Reproduce the entries exactly, beginning with the line containing "Phil Foden from Soccer coloring page" and ending with their last line, both included.

## Stored items from a collection
►
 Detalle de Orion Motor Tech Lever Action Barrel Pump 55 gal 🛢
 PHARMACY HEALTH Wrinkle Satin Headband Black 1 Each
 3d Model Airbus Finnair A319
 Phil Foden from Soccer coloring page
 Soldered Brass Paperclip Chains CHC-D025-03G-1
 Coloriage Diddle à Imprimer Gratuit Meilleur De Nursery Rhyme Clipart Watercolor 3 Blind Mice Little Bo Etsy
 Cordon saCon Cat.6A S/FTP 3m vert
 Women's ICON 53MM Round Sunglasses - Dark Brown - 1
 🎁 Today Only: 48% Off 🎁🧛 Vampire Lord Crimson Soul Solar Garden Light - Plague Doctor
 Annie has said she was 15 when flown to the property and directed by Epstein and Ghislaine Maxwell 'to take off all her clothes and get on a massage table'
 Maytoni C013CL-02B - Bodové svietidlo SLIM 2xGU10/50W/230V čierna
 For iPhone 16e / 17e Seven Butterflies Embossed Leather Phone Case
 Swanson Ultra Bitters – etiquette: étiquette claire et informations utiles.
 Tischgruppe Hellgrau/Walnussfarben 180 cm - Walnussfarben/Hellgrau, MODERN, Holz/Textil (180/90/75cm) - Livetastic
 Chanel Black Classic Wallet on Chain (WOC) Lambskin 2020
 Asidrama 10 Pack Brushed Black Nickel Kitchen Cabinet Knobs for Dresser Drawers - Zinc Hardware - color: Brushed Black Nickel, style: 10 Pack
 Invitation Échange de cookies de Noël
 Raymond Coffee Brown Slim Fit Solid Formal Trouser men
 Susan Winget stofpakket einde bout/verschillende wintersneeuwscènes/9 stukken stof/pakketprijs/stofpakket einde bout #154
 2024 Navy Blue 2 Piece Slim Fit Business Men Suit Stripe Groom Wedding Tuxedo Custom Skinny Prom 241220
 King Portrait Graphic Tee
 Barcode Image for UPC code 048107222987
◄
## YOUR SOLUTION
 Phil Foden from Soccer coloring page
 Soldered Brass Paperclip Chains CHC-D025-03G-1
 Coloriage Diddle à Imprimer Gratuit Meilleur De Nursery Rhyme Clipart Watercolor 3 Blind Mice Little Bo Etsy
 Cordon saCon Cat.6A S/FTP 3m vert
 Women's ICON 53MM Round Sunglasses - Dark Brown - 1
 🎁 Today Only: 48% Off 🎁🧛 Vampire Lord Crimson Soul Solar Garden Light - Plague Doctor
 Annie has said she was 15 when flown to the property and directed by Epstein and Ghislaine Maxwell 'to take off all her clothes and get on a massage table'
 Maytoni C013CL-02B - Bodové svietidlo SLIM 2xGU10/50W/230V čierna
 For iPhone 16e / 17e Seven Butterflies Embossed Leather Phone Case
 Swanson Ultra Bitters – etiquette: étiquette claire et informations utiles.
 Tischgruppe Hellgrau/Walnussfarben 180 cm - Walnussfarben/Hellgrau, MODERN, Holz/Textil (180/90/75cm) - Livetastic
 Chanel Black Classic Wallet on Chain (WOC) Lambskin 2020
 Asidrama 10 Pack Brushed Black Nickel Kitchen Cabinet Knobs for Dresser Drawers - Zinc Hardware - color: Brushed Black Nickel, style: 10 Pack
 Invitation Échange de cookies de Noël
 Raymond Coffee Brown Slim Fit Solid Formal Trouser men
 Susan Winget stofpakket einde bout/verschillende wintersneeuwscènes/9 stukken stof/pakketprijs/stofpakket einde bout #154
 2024 Navy Blue 2 Piece Slim Fit Business Men Suit Stripe Groom Wedding Tuxedo Custom Skinny Prom 241220
 King Portrait Graphic Tee
 Barcode Image for UPC code 048107222987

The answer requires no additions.